The Fleet Inquiry Institute (FII)
February 09, 2010
Updated: February 9, 2010
The Fleet Inquiry Institute
The Reuben H. Fleet Science Center established the Fleet Inquiry Institute (FII) in 2002 to improve science education in the formal classroom environment by offering professional development to 3rd-8th grade teachers. Through several grants, the Fleet has been able to externally evaluate its efforts and link teacher participation in FII professional development to increased student achievement. These results have provided the Fleet with the evidence that the inquiry-based pedagogy so fundamental to learning on the exhibit floor can support student learning in the classroom. Through community partnerships the FII works with teacher education students at the community college level, pre-service teachers, beginning teachers, and high school teachers. The Fleet Inquiry Institute currently offers a weeklong training in inquiry free of charge for K- 8th grade teachers each summer and winter.
Inquiry
Inquiry-based learning is an innovative teaching approach driven by the natural curiosity and wonder every child possesses.
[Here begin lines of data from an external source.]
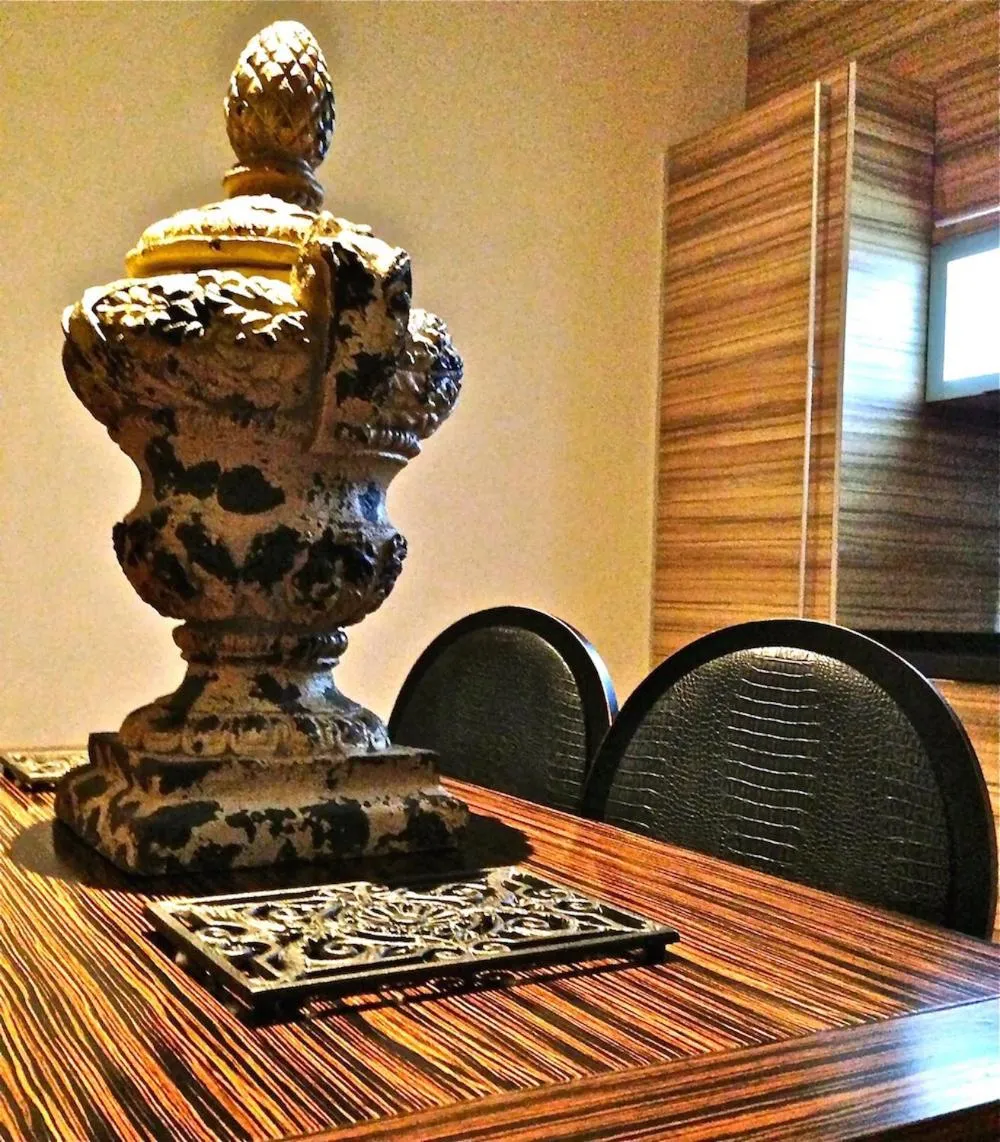 Dining area in Rok Plaza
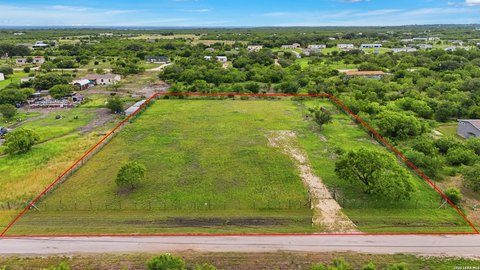 Land, Hondo, TX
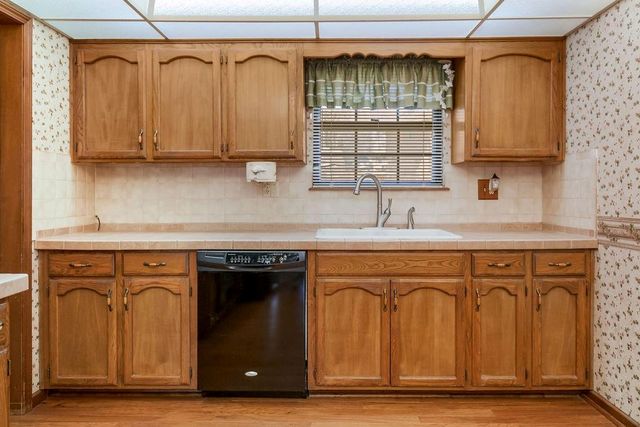 2805 SW Jackson Street, Blue Springs, MO 64015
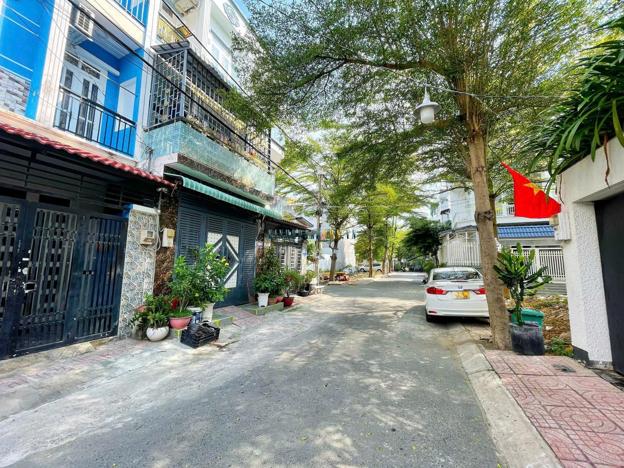 Bán đất mặt tiền đường Lê Văn Lương, diện tích 160m², giá 6.05 tỷ tại xã Phước Kiển, huyện Nhà Bè.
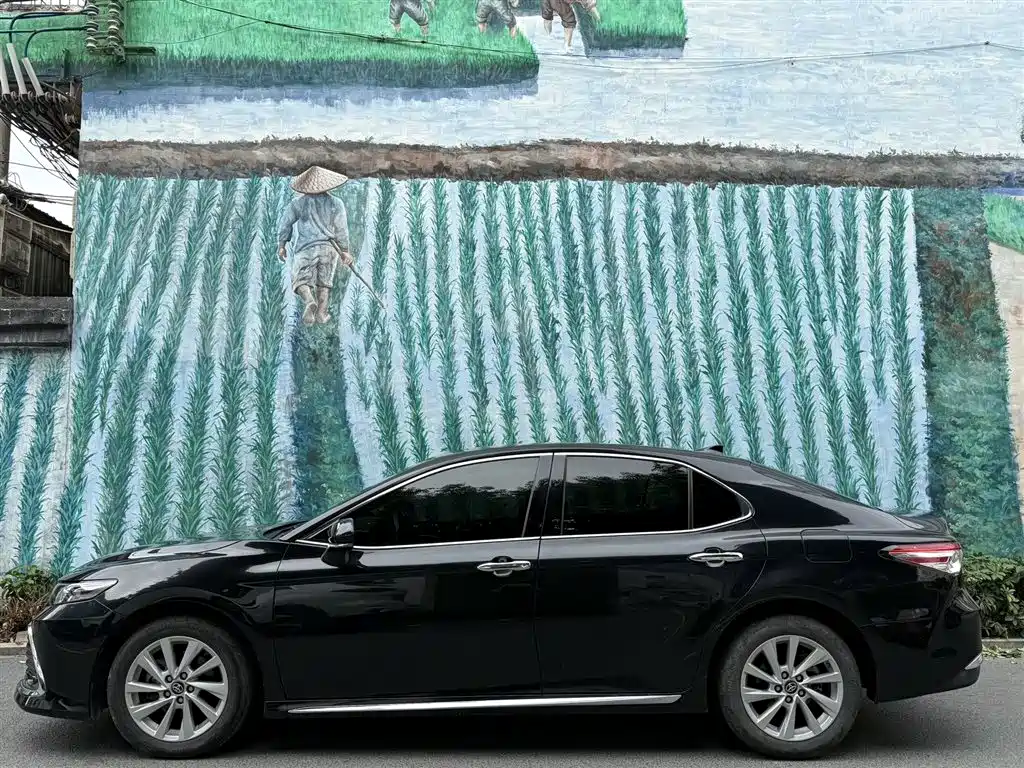 Toyota Camry 2023 2.0G Luxury Edition фото 9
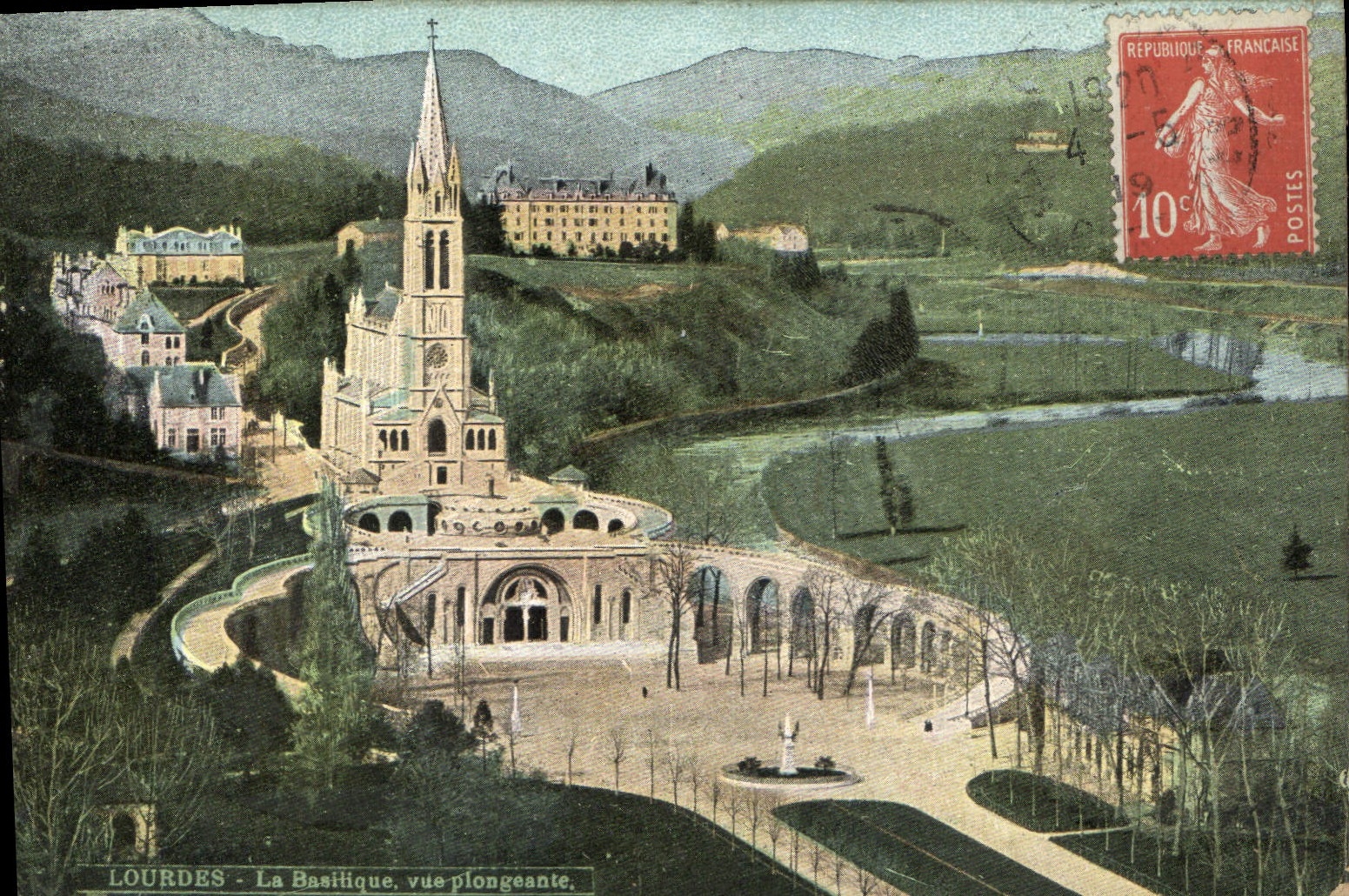 CPA Lourdes la Basilique vue plongeante 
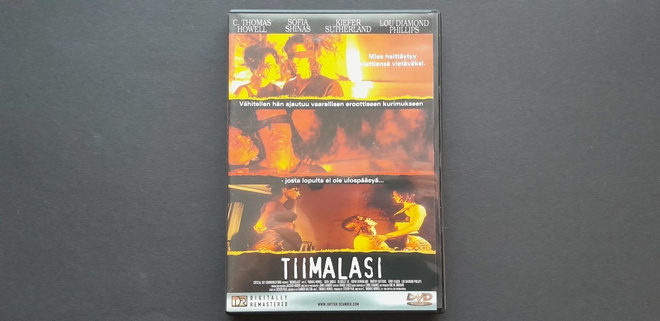 DVD: Tiimalasi / Hourglass (Kiefer Sutherland, Sofia Shinas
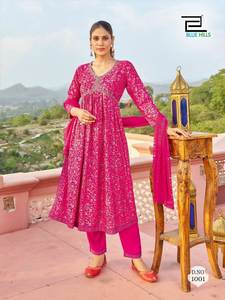 Color de moda para mujer étnico Bandhej impreso Full Flair Kurti Modal 100% Reyon hecho con pantalón y estilo de ropa India Dupatta - Product Image 4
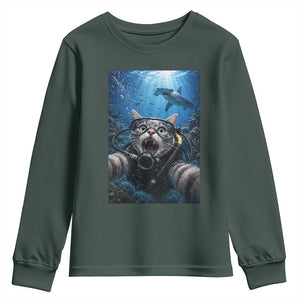 Funny Scuba Diving Cat Selfie With Hammerhead Shark Youth Sweatshirt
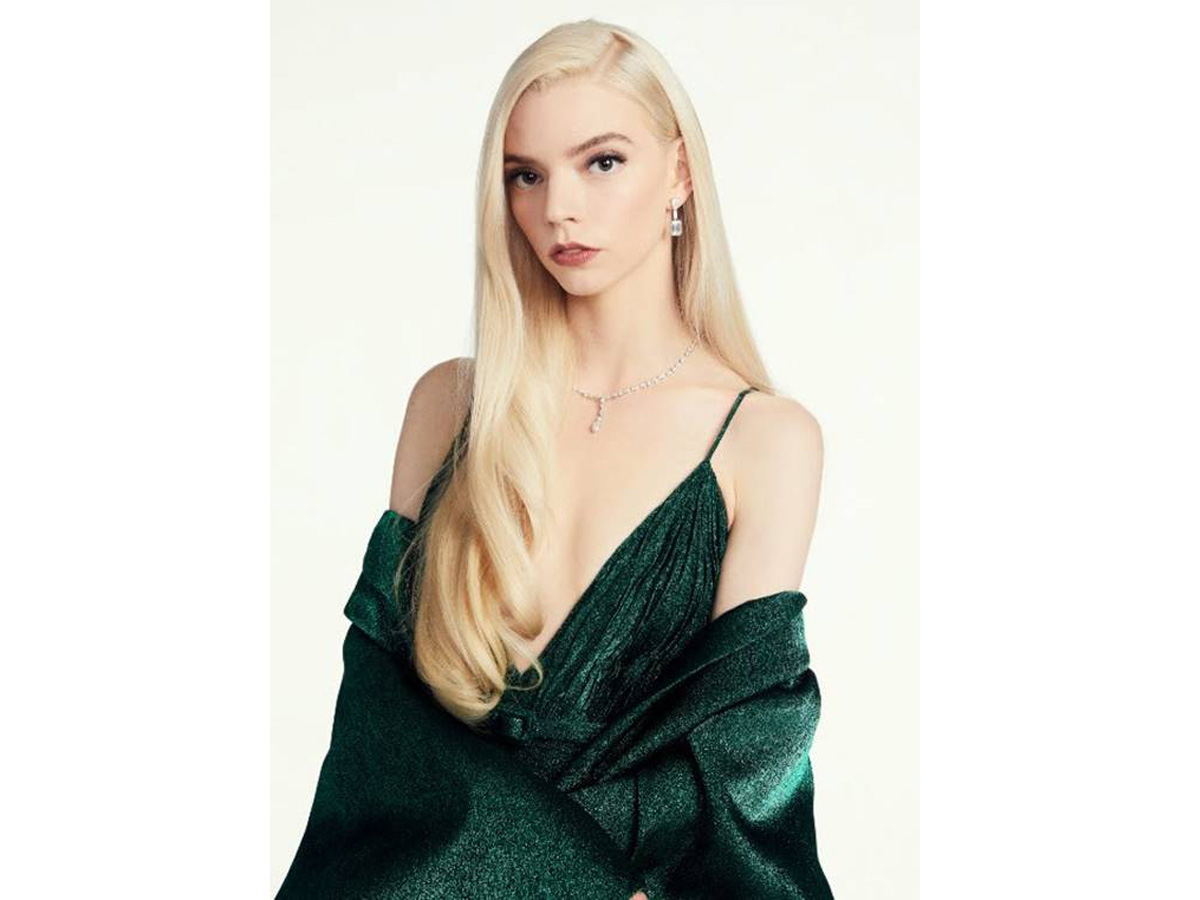 golden-globes-2021-beauty-look-star-05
It begins when a student experiences something new or surprising that raises questions. Teachers begin inquiry lessons with a hands-on activity that allows students to experience a scientific phenomenon in action and react to it with spontaneous curiosity and questions. Those questions form the basis for further investigation, typically done in a small group setting, in which students interact with materials, make observations, propose tentative explanations, form test predictions and record their observations through writing or drawing. The activity culminates in a sharing of the understanding each group has arrived at, with the teacher/facilitator drawing upon the student findings to summarize the key science concepts covered in the lesson. As a result, the students learn not only science content, but the process of scientific inquiry – how to observe, how to form and test hypotheses and alternatives, and how to communicated what they have learned. An inquiry-based classroom is a lively, focused environment that encourages students to be imaginative, creative and responsible. Students who learn through inquiry become actively engaged in their learning and feel ownership of what they have learned and develop skills which lead to greater understanding, recall and achievement.